I generalize this blog to the bumble or honey bee, but these physics apply to all bees under the Apoidean superfamily. The basis of bee flight is founded on two core aspects. Firstly, we must directly examine the concept of flight unique to the bee in this case, and how it contrasts other modes of aviation found in birds or airplanes. We have all seen man-made plane wings before, or can imagine the great pinions of an eagle in flight. They are blunt and rounded in the direction of the air flow, designed to make the air flow on top of the wing flow faster than the air on the bottom of the wing. This creates a pressure differential in the air, which is balanced out by an upward force on the wing, which pulls the plane upward. The bee’s wing, on the other hand, is much more akin to a thin foil, and as such, it can manipulate the airflow around its wings, creating tiny tornadoes or vortexes at their tips. These are known as Leading Edge Vortices (LEVs), and are a core factor in the flight of bees, wasps, moths and many other insects.
Figure 1: The effect of the leading-edge vortex.
As can be seen in the above diagram, the Leading edge vortex provides the minibeast with an “induced downwash” of air. This accounts for a major portion of the creature’s weight and offers it a huge amount of stability mid-flight. It is through this method that bees are capable of hovering in place, it is also worth noting that all insects that fly in this manner must beat their wings hundreds of times a second to achieve this feat. This stunning amount of motion in a short time frame is what causes the signature buzz of the bee.

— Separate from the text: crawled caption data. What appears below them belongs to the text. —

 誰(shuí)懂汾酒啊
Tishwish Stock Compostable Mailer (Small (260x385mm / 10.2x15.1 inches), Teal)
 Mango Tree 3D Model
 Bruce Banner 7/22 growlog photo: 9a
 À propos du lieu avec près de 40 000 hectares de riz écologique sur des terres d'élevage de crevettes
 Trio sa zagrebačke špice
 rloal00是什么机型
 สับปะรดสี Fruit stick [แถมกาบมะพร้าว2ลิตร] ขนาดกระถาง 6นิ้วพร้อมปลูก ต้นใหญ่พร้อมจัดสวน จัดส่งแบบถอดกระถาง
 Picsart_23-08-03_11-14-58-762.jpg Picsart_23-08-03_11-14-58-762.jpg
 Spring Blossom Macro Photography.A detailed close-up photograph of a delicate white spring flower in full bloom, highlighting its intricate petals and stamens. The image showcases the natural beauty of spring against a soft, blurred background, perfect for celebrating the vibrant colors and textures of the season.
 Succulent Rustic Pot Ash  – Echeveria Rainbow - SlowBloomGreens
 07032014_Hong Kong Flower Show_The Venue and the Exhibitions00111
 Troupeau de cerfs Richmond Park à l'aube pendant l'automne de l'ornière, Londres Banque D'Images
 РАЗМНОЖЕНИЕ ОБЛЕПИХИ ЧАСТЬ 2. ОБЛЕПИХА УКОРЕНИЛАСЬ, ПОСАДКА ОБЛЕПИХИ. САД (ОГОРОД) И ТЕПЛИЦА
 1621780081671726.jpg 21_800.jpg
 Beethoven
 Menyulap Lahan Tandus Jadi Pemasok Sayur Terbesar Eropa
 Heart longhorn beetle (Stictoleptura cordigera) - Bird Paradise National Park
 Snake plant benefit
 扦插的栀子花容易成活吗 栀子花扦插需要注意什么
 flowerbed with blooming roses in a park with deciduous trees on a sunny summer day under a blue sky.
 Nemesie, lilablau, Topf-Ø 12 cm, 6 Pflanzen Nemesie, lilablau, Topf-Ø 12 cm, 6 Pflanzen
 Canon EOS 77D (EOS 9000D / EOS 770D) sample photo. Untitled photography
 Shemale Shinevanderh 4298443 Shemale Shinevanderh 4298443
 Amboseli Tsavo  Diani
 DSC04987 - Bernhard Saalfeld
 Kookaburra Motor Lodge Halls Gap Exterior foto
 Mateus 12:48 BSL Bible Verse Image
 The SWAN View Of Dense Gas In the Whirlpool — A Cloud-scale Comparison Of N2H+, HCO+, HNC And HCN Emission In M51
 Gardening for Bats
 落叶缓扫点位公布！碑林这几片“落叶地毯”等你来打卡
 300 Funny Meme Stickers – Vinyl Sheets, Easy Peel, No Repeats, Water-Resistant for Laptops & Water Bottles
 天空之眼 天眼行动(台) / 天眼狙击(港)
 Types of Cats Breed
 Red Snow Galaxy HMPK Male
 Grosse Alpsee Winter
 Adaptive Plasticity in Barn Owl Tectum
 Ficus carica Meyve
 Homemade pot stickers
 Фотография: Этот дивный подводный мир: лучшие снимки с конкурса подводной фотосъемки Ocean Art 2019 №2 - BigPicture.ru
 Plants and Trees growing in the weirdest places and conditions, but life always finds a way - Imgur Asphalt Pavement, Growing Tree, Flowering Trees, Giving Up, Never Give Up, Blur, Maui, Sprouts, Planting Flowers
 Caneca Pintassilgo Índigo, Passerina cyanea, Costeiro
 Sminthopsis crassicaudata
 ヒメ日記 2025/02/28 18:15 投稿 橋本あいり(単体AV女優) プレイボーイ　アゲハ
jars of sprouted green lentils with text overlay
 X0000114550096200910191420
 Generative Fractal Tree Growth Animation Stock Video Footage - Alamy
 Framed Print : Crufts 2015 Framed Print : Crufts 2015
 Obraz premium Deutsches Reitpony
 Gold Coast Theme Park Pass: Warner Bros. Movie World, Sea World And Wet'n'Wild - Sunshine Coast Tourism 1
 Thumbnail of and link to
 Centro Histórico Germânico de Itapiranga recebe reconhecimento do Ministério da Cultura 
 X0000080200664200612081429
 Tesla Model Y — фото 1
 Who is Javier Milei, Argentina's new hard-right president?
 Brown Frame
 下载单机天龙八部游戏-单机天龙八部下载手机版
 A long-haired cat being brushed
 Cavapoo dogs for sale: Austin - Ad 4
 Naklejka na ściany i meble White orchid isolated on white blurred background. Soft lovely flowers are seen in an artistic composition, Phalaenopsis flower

Crucially, these leading-edge vortices allow the bee to maintain a distinct wing path. Rather than just flapping them up and down, the bee is able to follow a curved loop with its appendages. These are not rigid appendages, and can bend and twist at will; this enables not only a way of directional influence in the bee’s flight, but is in fact paramount to the performance of the aforementioned wing path. The LEVs produced at the tips of its wings allow the bee to angle its wings higher against the air, this higher angle ingrained into the wing path provides the insect with enough force to become airborne. There is a delicate yet essential pressure difference again between the top and the bottom of the wing, maintained exactly and constantly by these vortices. (3)
Figure 2 : The wing path of the bee.
In a way, one can see that the flight of a humble bumble bee and a Boeing 747 are (perhaps) not too dissimilar after all. The natural solution to flight is both wonderfully elegant and simple. By means of updrafts, induced downwashes and differences in pressure, advanced aerodynamics, muscle control or jet fuel, the bee, bird and Boeing 747 are all capable of achieving flight in their own unique way.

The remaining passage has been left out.